• _WORK REQUEST_: A word-for-word copy of all entries is required, without images.
── RECORDS TO USE
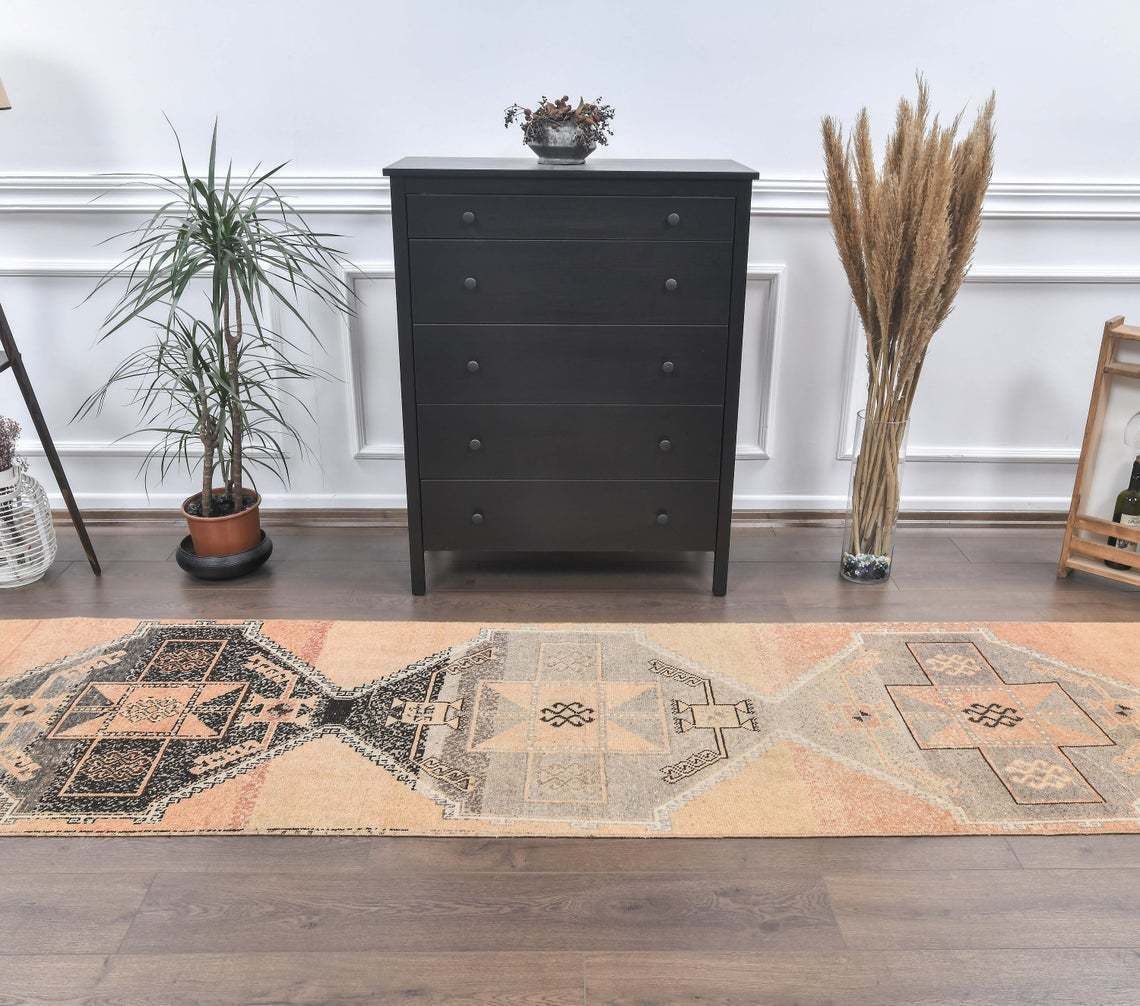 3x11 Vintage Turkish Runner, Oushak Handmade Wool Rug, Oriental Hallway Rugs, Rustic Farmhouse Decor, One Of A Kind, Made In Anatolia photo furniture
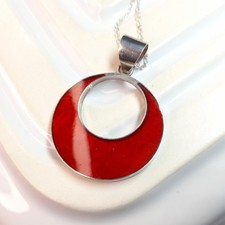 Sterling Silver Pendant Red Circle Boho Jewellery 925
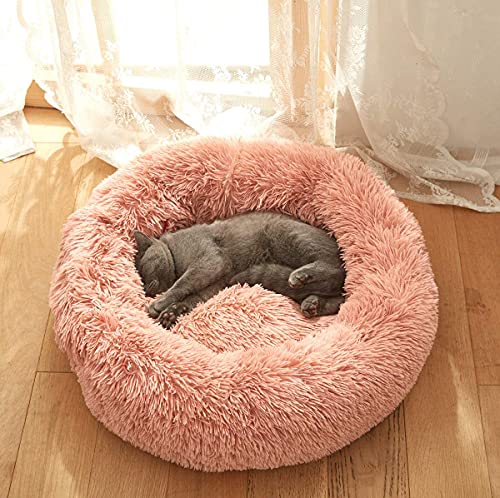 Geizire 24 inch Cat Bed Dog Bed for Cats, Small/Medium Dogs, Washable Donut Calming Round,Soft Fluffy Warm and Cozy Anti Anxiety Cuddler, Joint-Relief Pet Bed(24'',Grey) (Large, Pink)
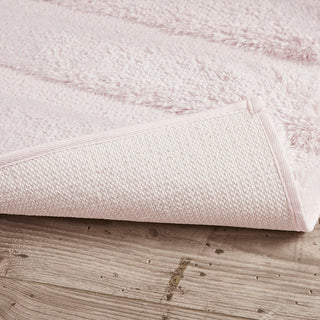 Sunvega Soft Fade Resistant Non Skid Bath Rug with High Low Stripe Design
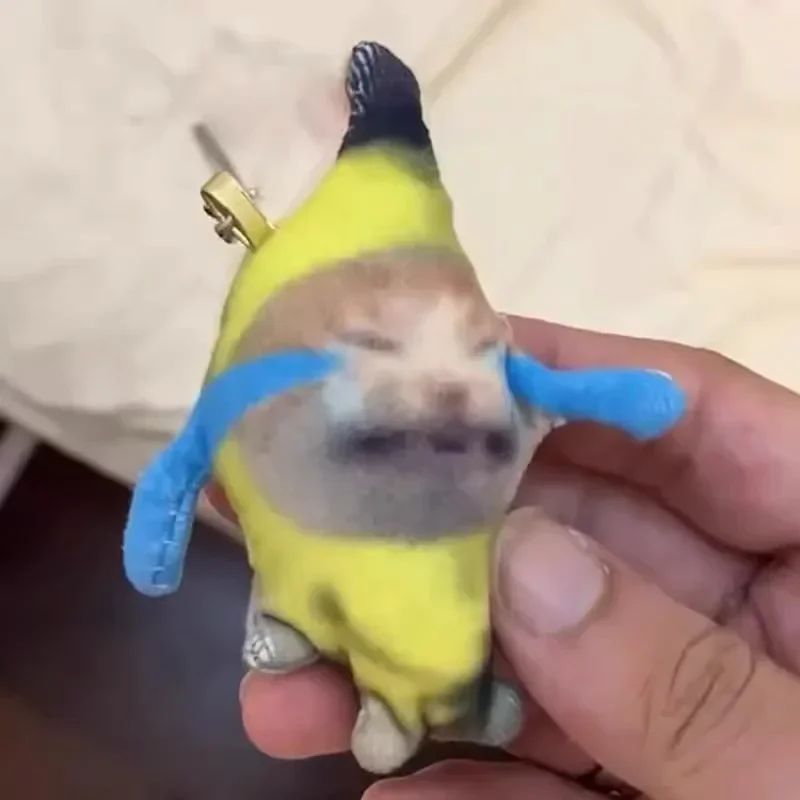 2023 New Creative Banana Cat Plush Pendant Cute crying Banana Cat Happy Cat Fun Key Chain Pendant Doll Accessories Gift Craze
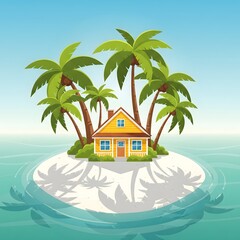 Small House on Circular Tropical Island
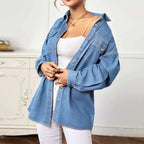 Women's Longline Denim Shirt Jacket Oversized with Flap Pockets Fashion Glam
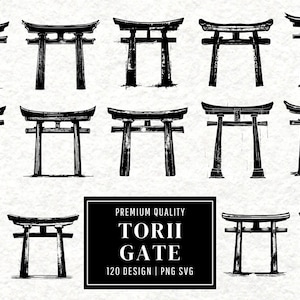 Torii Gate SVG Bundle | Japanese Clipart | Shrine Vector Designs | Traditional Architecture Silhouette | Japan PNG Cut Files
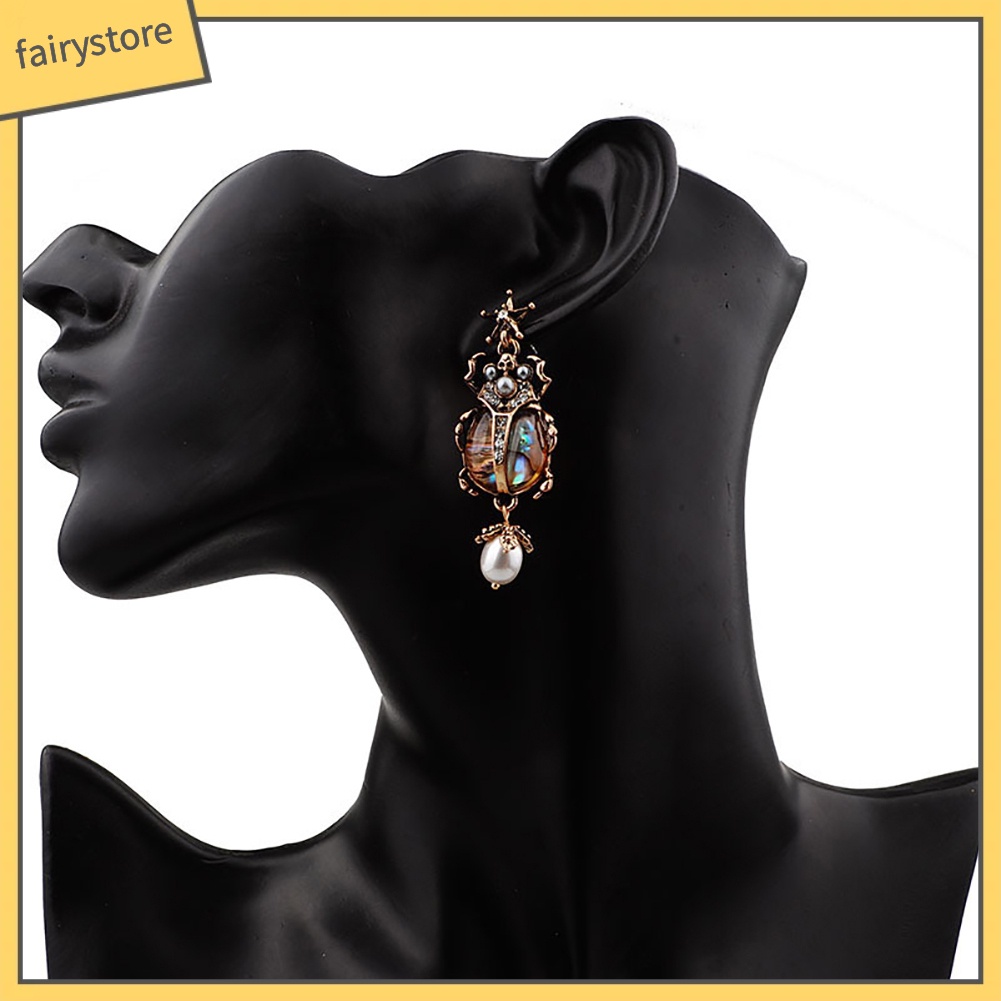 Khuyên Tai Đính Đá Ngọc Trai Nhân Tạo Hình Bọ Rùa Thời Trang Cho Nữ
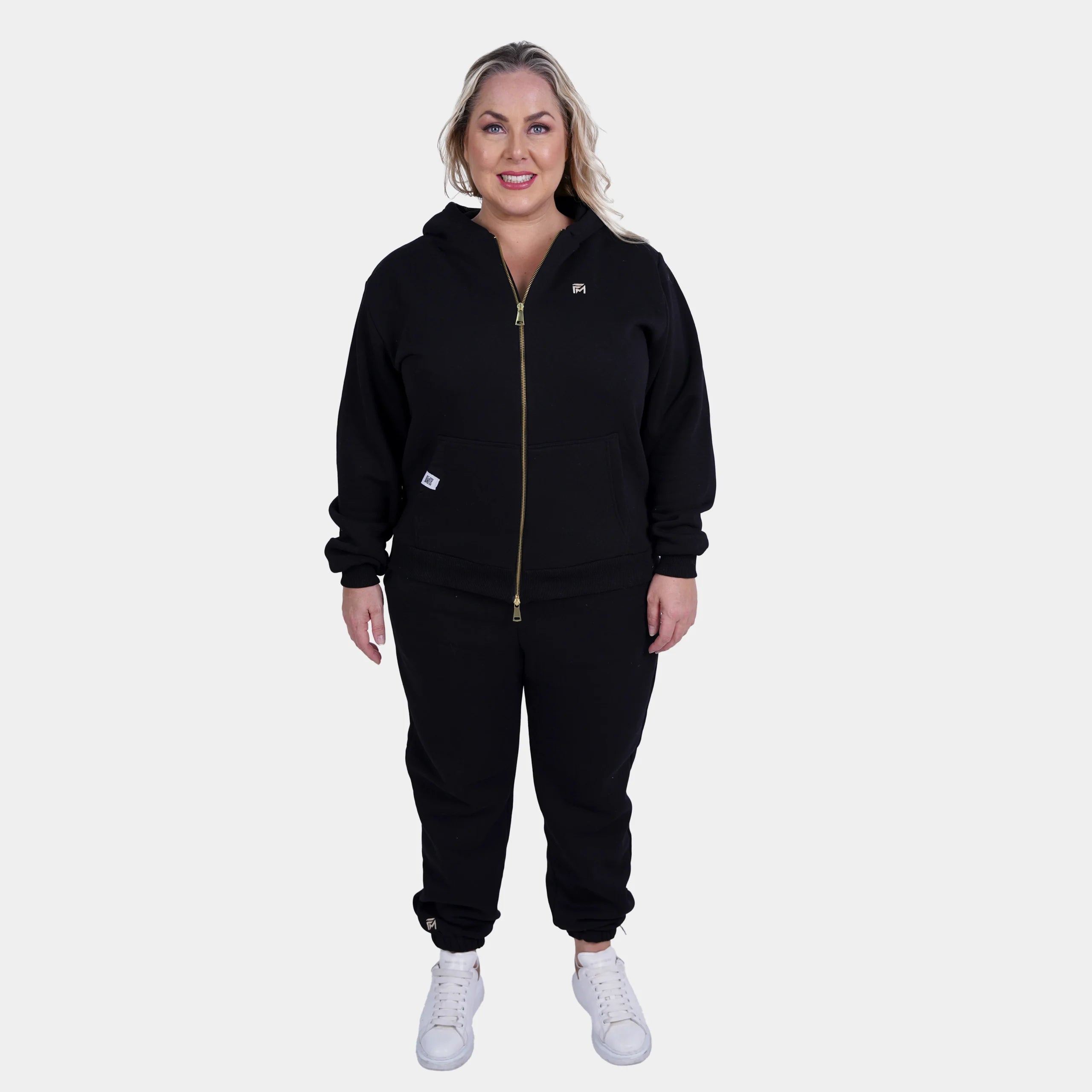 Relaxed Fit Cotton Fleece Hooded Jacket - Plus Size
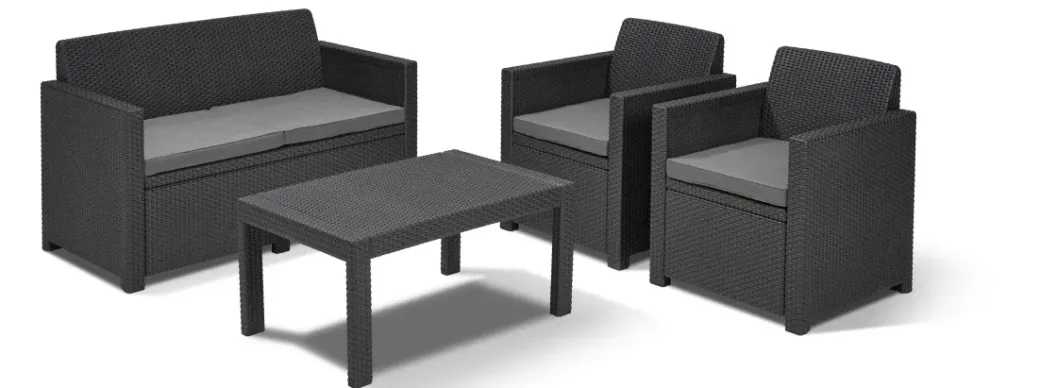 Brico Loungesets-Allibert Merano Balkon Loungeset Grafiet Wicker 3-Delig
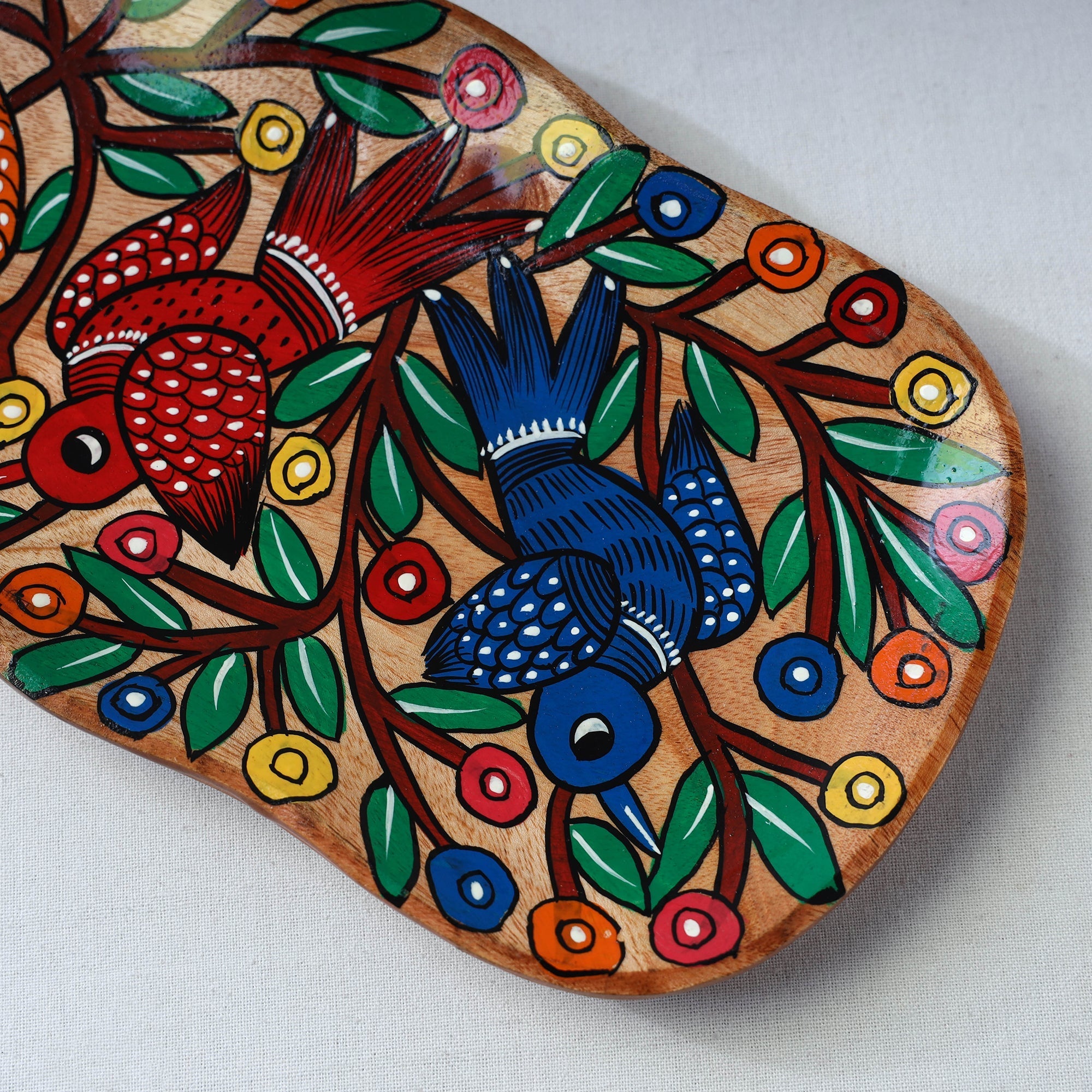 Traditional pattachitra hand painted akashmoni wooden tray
────
• _RESPONSE_:
 3x11 Vintage Turkish Runner, Oushak Handmade Wool Rug, Oriental Hallway Rugs, Rustic Farmhouse Decor, One Of A Kind, Made In Anatolia photo furniture
 Sterling Silver Pendant Red Circle Boho Jewellery 925
 Geizire 24 inch Cat Bed Dog Bed for Cats, Small/Medium Dogs, Washable Donut Calming Round,Soft Fluffy Warm and Cozy Anti Anxiety Cuddler, Joint-Relief Pet Bed(24'',Grey) (Large, Pink)
 Sunvega Soft Fade Resistant Non Skid Bath Rug with High Low Stripe Design
 2023 New Creative Banana Cat Plush Pendant Cute crying Banana Cat Happy Cat Fun Key Chain Pendant Doll Accessories Gift Craze
 Small House on Circular Tropical Island
 Women's Longline Denim Shirt Jacket Oversized with Flap Pockets Fashion Glam
 Torii Gate SVG Bundle | Japanese Clipart | Shrine Vector Designs | Traditional Architecture Silhouette | Japan PNG Cut Files
 Khuyên Tai Đính Đá Ngọc Trai Nhân Tạo Hình Bọ Rùa Thời Trang Cho Nữ
 Relaxed Fit Cotton Fleece Hooded Jacket - Plus Size
 Brico Loungesets-Allibert Merano Balkon Loungeset Grafiet Wicker 3-Delig
 Traditional pattachitra hand painted akashmoni wooden tray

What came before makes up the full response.